The NSA is Tracking Cellular Phone Locations Around the World

I’m sure this isn’t going to surprise anybody. On top of reading our e-mails and text messages, listening to our phone calls, and attempting to decrypt our encryption communications the National Security Agency (NSA) has been busy tracking our location using our voluntary tracking device (often mistakenly referred to as a cellular phone):

The National Security Agency is gathering nearly 5 billion records a day on the whereabouts of cellphones around the world, according to top-secret documents and interviews with U.S. intelligence officials, enabling the agency to track the movements of individuals — and map their relationships — in ways that would have been previously unimaginable.

The records feed a vast database that stores information about the locations of at least hundreds of millions of devices, according to the officials and the documents, which were provided by former NSA contractor Edward Snowden. New projects created to analyze that data have provided the intelligence community with what amounts to a mass surveillance tool.

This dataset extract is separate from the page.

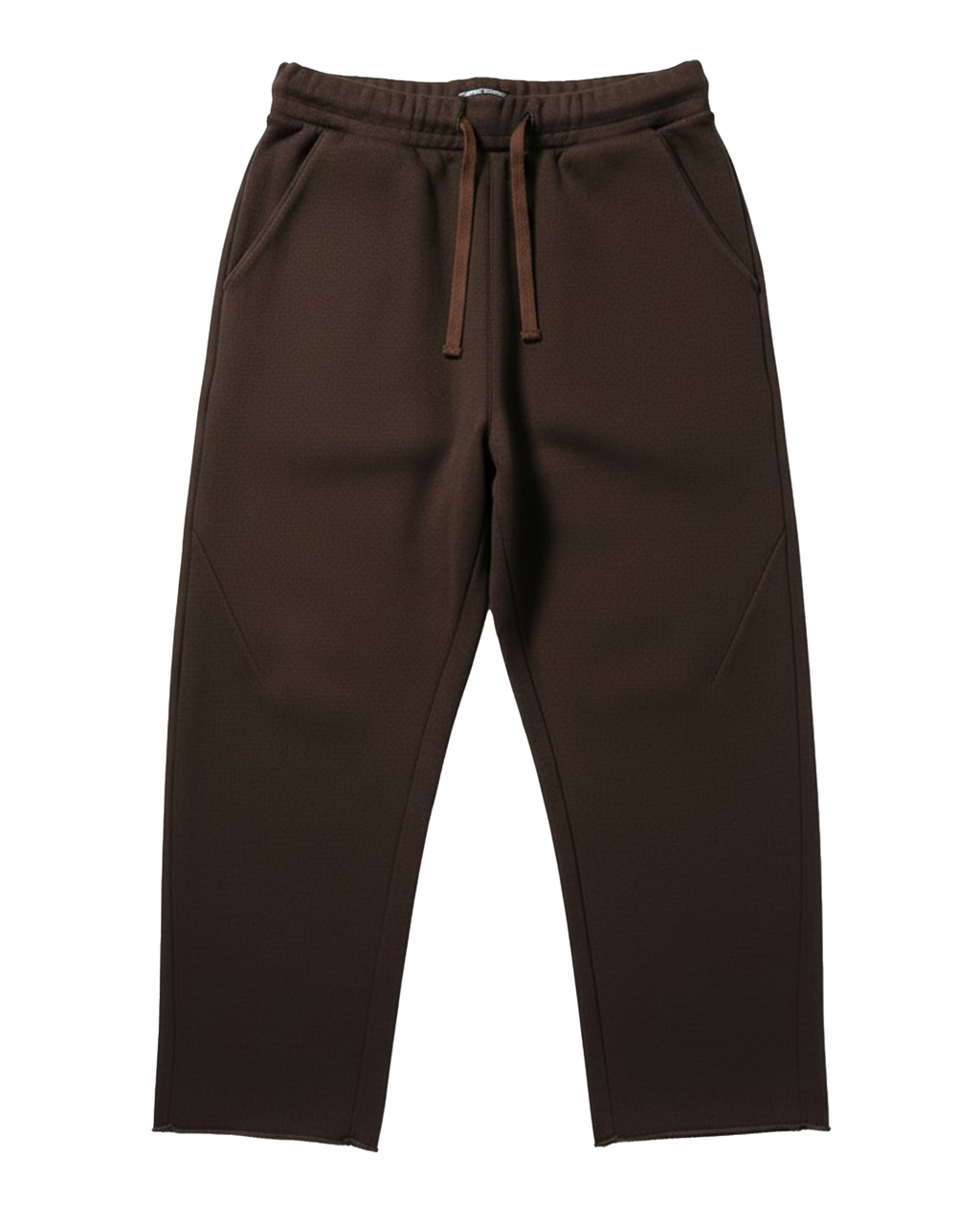 Baggy Sweatpants Brown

At this point I feel that it’s safe to assume that the NSA has utilized every technology we use in our daily lives to inflict an Orwellian world upon us. It’s obvious that the people in charge of the agency have no conscious whatsoever. Anybody with a conscious would have objected to at least a few of the activities the NSA has been involved in. In fact things are so bad at the NSA that it gave its employees talking points so they could justify their actions to their family members during Thanksgiving.